What are the proposed changes to the Property (Relationships) Act?

What are the proposed changes to the Property (Relationships) Act?

Earlier this year, the Law Commission submitted its review of the Property (Relationships) Act 1976 (PRA) to the government, recommending that the law be replaced by a new statute; the Relationship Property Act. This new statute would enact up to 140 recommendations for reform, becoming the principal source of law applying to the division of property when relationships end on separation. It also recommends that rules governing relationship property in the event of a death should be addressed separately, in a broader review of succession law.

The proposed changes are meant to clean up the much-amended, and difficult-to-parse PRA, and more importantly to improve the way that relationship property matters are resolved in practice. This means dividing property justly, taking into account the contributions of all individuals involved, and ensuring that property matters are resolved inexpensively and quickly.

What’s wrong with the current Property (Relationships) Act (PRA)?

The PRA defines how property owned by either or both partners should be divided if they separate, or if one of them dies. It seeks to ensure the just division of property, typically by following the general rule that each partner is entitled to an equal share in any “relationship property”. In practice, this has turned out to be less than ideal in terms of achieving its goal

At the time that it was passed, the PRA was a major step in the development of relationship property law in New Zealand. Today, the law is outdated, and fails to reflect the needs and values of the country and its citizens. It is perceived by many to divide property unjustly, to neglect the needs of children, and to be too tolerant of behavior that causes delay, places relevant relationship property out of reach of a partner or the Family Court, and increases costs. To deal with this, the Law Commission has recommended some significant changes.

Changing how family homes are split

Currently, a family home is automatically considered relationship property after 3 years in any marriage, civil union, or de facto relationship.
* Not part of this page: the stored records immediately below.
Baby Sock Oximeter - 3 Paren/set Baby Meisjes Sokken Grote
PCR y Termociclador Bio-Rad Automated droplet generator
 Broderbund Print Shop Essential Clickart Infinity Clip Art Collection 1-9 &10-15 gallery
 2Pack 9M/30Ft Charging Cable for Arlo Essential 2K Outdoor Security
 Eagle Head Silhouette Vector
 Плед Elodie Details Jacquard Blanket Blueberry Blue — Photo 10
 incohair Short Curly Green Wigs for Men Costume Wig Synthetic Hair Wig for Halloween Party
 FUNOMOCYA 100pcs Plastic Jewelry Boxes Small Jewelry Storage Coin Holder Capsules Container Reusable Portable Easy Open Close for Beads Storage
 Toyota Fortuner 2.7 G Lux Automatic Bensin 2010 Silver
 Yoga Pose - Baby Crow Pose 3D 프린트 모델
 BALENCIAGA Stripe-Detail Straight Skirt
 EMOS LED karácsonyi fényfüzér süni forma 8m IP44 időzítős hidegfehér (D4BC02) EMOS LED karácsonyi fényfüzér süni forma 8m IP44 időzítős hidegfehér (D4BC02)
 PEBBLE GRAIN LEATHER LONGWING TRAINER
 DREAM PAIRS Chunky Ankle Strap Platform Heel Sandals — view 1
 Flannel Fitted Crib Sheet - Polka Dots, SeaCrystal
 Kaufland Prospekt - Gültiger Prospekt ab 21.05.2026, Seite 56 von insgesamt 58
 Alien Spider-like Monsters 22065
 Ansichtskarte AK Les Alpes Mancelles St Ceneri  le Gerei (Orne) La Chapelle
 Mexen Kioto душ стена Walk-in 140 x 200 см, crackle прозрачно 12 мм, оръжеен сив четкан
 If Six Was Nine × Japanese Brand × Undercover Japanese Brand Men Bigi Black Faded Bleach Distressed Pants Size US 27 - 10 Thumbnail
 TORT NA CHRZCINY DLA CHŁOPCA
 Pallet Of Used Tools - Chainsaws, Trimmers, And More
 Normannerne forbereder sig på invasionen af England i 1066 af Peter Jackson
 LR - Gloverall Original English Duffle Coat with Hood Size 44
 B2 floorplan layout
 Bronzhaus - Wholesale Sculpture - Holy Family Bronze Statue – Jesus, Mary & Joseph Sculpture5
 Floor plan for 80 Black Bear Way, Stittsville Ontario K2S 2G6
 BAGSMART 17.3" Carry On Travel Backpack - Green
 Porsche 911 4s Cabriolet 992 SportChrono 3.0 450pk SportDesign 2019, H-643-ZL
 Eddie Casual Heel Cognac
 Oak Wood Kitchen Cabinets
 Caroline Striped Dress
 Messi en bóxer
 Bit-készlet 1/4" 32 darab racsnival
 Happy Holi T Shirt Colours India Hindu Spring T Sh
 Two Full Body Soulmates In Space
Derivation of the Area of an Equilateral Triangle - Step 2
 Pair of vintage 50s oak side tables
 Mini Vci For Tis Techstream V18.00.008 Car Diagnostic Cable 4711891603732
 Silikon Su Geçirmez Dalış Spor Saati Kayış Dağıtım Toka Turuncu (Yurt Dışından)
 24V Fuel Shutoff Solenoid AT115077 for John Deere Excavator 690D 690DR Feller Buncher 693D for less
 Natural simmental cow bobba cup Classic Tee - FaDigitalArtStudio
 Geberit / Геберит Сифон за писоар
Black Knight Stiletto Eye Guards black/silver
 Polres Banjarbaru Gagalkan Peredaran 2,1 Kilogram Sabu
Even if one partner previously owned the home individually, the partner is entitled to an equal share if the relationship ends after that point. The reforms proposed for the new Relationship Property Act would end this practice, allowing the family home to remain with the original owner. Instead, the other partner would only be entitled to an equal share in any increase to the home’s value during the relationship.

Eliminating the implied “Clean Break” principle

While it isn’t mentioned in the purpose and principles of the PRA, courts and legal professionals have long operated on the principle that couples should—as soon as possible—be able to start fresh after a separation, free of any financial ties to one another. The Law Commission recommends that this “Clean Break” principle be excluded from the new act, instead aiming to explicitly prioritise the best interests of any minor or dependent children.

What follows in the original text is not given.